== INPUT DATA ==

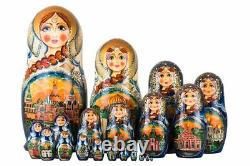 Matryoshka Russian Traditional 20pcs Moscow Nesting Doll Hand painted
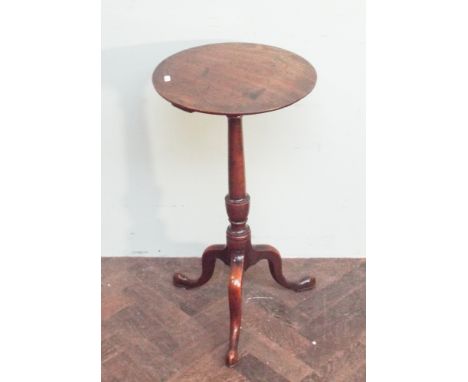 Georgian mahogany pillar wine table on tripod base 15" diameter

===
== INPUT DATA ==

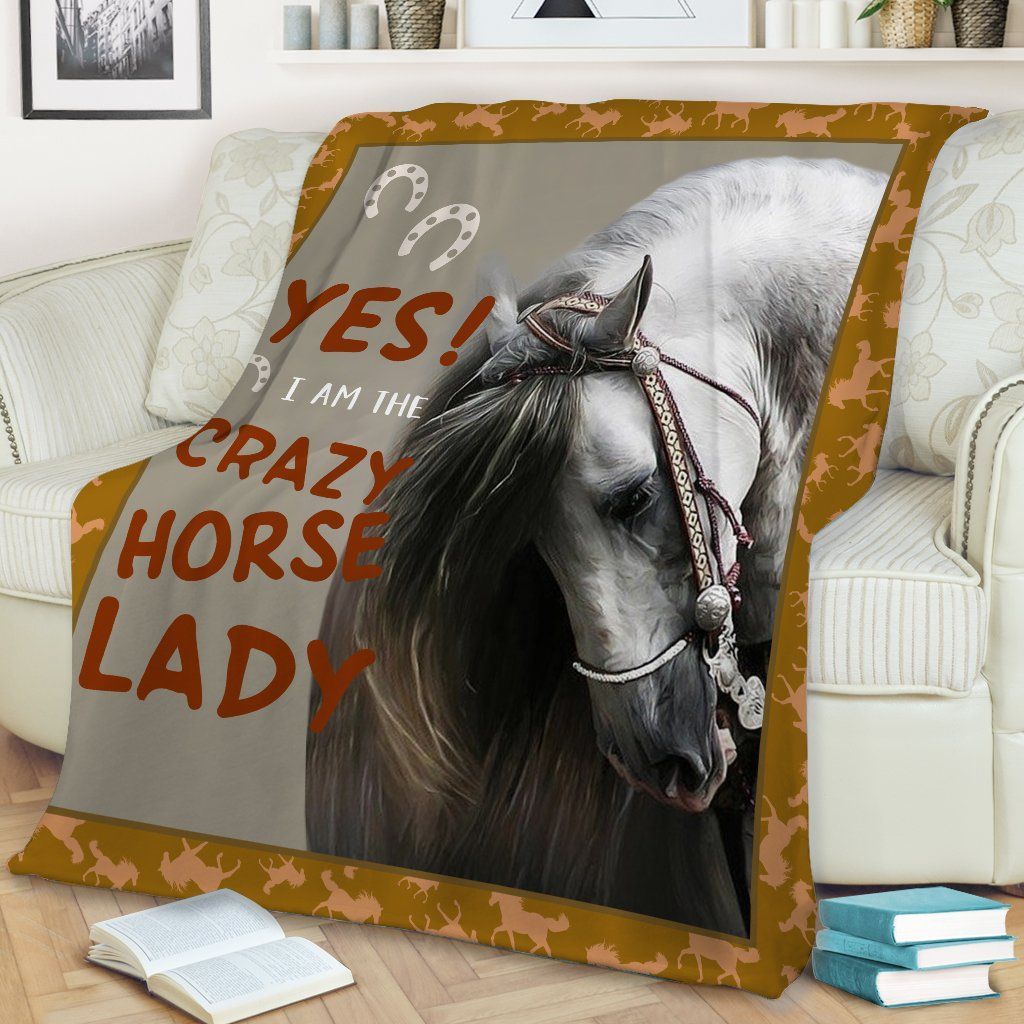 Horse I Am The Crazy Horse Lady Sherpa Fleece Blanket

===

From the listing above, restate verbatim the lines running from the one with "Matryoshka Russian Traditional" through the one with "Georgian mahogany pillar", inclusive, but not the pictures.

▶ EXERCISE OUTPUT
 Matryoshka Russian Traditional 20pcs Moscow Nesting Doll Hand painted
 Georgian mahogany pillar wine table on tripod base 15" diameter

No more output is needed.